- **Raw data**

________________________

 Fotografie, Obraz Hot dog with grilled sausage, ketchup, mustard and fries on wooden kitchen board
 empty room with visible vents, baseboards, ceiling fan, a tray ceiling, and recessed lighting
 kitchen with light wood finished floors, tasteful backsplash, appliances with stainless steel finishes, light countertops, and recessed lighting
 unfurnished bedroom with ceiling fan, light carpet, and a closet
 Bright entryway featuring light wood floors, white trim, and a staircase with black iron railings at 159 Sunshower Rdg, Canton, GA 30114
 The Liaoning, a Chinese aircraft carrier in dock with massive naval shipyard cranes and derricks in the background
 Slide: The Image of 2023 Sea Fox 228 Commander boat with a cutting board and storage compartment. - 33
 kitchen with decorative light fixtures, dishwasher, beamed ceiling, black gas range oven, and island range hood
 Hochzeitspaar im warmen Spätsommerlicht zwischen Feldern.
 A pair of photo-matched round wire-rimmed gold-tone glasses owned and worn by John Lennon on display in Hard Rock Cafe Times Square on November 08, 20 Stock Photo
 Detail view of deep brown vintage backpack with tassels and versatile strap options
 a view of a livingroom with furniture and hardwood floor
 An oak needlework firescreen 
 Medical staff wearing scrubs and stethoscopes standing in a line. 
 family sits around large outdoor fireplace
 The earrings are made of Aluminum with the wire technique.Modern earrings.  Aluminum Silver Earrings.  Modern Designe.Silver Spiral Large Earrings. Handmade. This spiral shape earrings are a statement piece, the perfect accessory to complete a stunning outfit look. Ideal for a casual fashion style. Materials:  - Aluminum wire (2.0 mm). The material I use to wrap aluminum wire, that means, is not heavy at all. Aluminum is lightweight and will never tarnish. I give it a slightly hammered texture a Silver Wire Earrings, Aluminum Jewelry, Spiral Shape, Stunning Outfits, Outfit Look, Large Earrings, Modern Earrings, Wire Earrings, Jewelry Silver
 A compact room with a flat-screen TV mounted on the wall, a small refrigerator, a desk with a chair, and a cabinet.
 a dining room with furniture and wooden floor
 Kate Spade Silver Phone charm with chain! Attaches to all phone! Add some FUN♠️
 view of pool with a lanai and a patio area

________________________

- **Required work**
Write out the listing above, keeping every word exactly.

- **Written answer**
 Fotografie, Obraz Hot dog with grilled sausage, ketchup, mustard and fries on wooden kitchen board
 empty room with visible vents, baseboards, ceiling fan, a tray ceiling, and recessed lighting
 kitchen with light wood finished floors, tasteful backsplash, appliances with stainless steel finishes, light countertops, and recessed lighting
 unfurnished bedroom with ceiling fan, light carpet, and a closet
 Bright entryway featuring light wood floors, white trim, and a staircase with black iron railings at 159 Sunshower Rdg, Canton, GA 30114
 The Liaoning, a Chinese aircraft carrier in dock with massive naval shipyard cranes and derricks in the background
 Slide: The Image of 2023 Sea Fox 228 Commander boat with a cutting board and storage compartment. - 33
 kitchen with decorative light fixtures, dishwasher, beamed ceiling, black gas range oven, and island range hood
 Hochzeitspaar im warmen Spätsommerlicht zwischen Feldern.
 A pair of photo-matched round wire-rimmed gold-tone glasses owned and worn by John Lennon on display in Hard Rock Cafe Times Square on November 08, 20 Stock Photo
 Detail view of deep brown vintage backpack with tassels and versatile strap options
 a view of a livingroom with furniture and hardwood floor
 An oak needlework firescreen 
 Medical staff wearing scrubs and stethoscopes standing in a line. 
 family sits around large outdoor fireplace
 The earrings are made of Aluminum with the wire technique.Modern earrings.  Aluminum Silver Earrings.  Modern Designe.Silver Spiral Large Earrings. Handmade. This spiral shape earrings are a statement piece, the perfect accessory to complete a stunning outfit look. Ideal for a casual fashion style. Materials:  - Aluminum wire (2.0 mm). The material I use to wrap aluminum wire, that means, is not heavy at all. Aluminum is lightweight and will never tarnish. I give it a slightly hammered texture a Silver Wire Earrings, Aluminum Jewelry, Spiral Shape, Stunning Outfits, Outfit Look, Large Earrings, Modern Earrings, Wire Earrings, Jewelry Silver
 A compact room with a flat-screen TV mounted on the wall, a small refrigerator, a desk with a chair, and a cabinet.
 a dining room with furniture and wooden floor
 Kate Spade Silver Phone charm with chain! Attaches to all phone! Add some FUN♠️
 view of pool with a lanai and a patio area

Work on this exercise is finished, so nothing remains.